Paramount+ has opted not to proceed with a second season of Robert and Michelle King’s crime drama series, Happy Face, starring Annaleigh Ashford and Dennis Quaid. The drama was inspired by the true-life story of Melissa Moore, the Happy Face podcast from iHeartPodcasts and Moore, and the autobiography Shattered Silence, written by Moore with M. Bridget Cook. Jumping off from Moore’s true-life story, Happy Face follows Melissa (Ashford) and her incarcerated father, known as the Happy Face Killer (Quaid). After decades of no contact, he finally finds a way to force himself back into his daughter’s life. In a race against the clock, Melissa must find out if an innocent man is going to be put to death for a crime her father committed. Throughout, she discovers the impact her father had on his victims’ families and must face a reckoning of her own identity. James Wolk, Tamera Tomakili, Khiyla Aynne, and Benjamin Mackey also starred in Season 1, whose finale provided a satisfying ending to the case but also left it open-ended for a potential second season with the characters.

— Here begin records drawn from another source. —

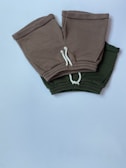 Two pairs of shorts, one in a brownish-grey color and the other in dark green, are placed overlapping on a white surface. Both have white drawstrings and elastic waistbands.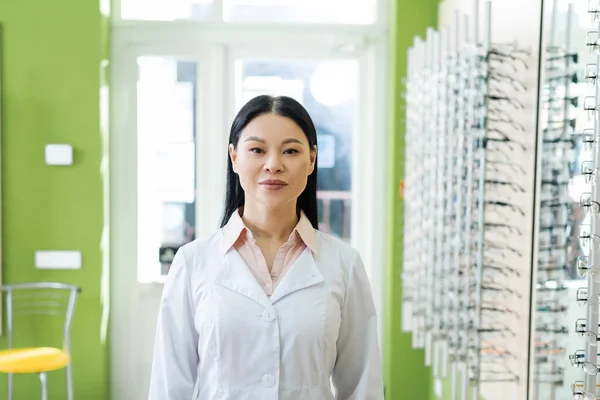 Asian oculist in white coat looking at camera near blurred assortment of eyeglasses in optics salon — Stock Photo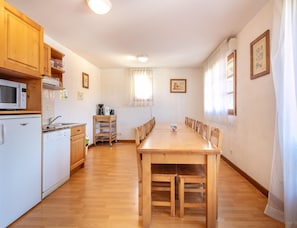 A compact kitchen with a microwave, refrigerator, and wooden cabinets. - Duplex for 12 Near Lake Annecy (Giez)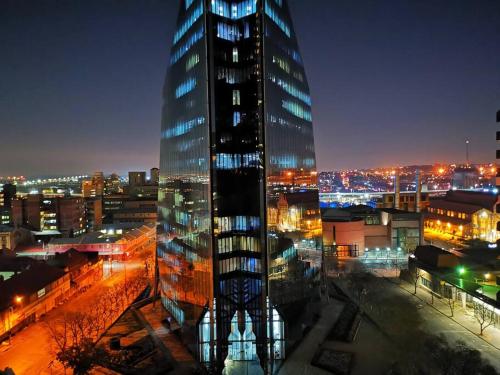 a tall glass building in a city at night at 1007-Stunning Studio apt with incredible Joburg views in Johannesburg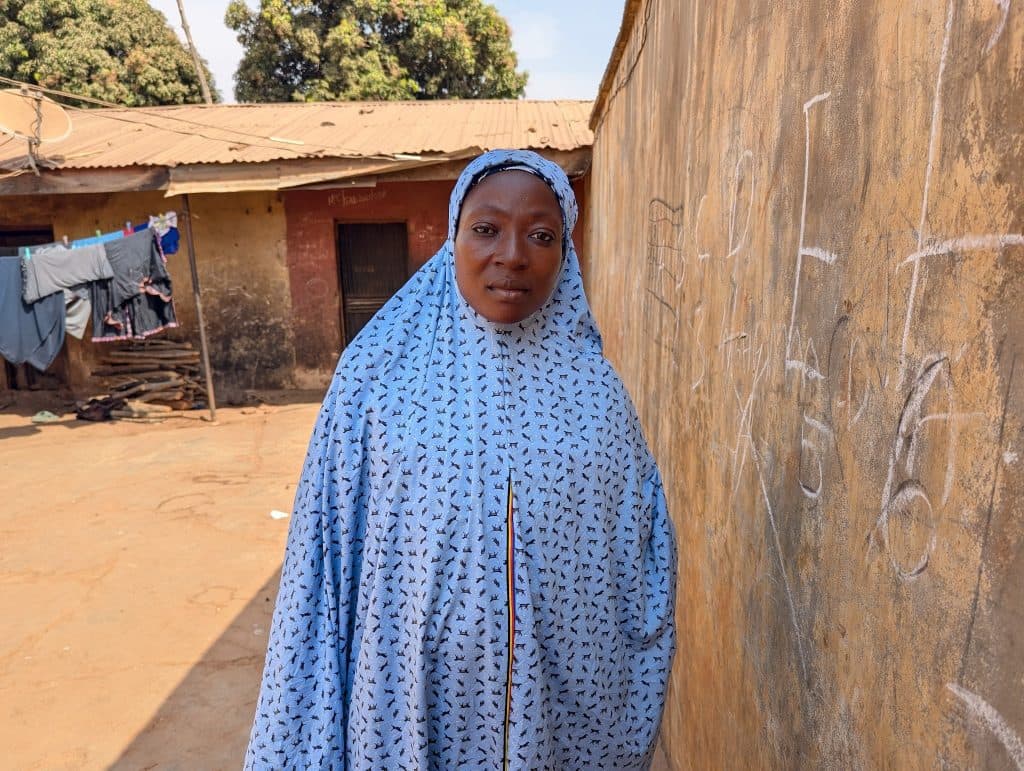 Woman in a light blue patterned hijab stands beside a wall with chalk markings, with laundry hanging in the background.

Channel 5 in the UK has commissioned several new crime dramas for the 2025-2026 TV season: an adaptation of the best-selling Cooper & Fry mystery novels from Stephen Booth with Downton Abbey's Robert James-Collier as Cooper and Doctor Who's Mandip Gill as Fry; Number One Fan, about a Daytime Talk Show host named Lucy who is rescued from an attack by "her number one fan," a woman with ulterior motives that link her to the scandalous secret Lucy has spent her life trying to keep hidden; Death in Benidorm, featuring a pair of odd couple crime solvers, retired detective Dennis Crown and barmaid Rosa, who live in a seaside paradise; Missed Call, about a mother who receives a worrying late-night missed call from her daughter on an exchange program in France and races to find her when she goes missing; Imposter, starring Jackie Woodburne and Kym Marsh in a murder mystery set in Australia; and the gripping, psychological drama, The Family Secret.
PODCASTS/RADIO/AUDIO
On Crime Time FM, Simon McCleave chatted with Paul Burke about his new novels, The Abersock Killings and Five Days in Provence; Anglesey and Snowdonia; and writing TV.
Debbi Mack's latest guest on the Crime Cafe was clinical psychotherapist and crime writer Harper Kincaid, discussing her Bookbinder Mystery series.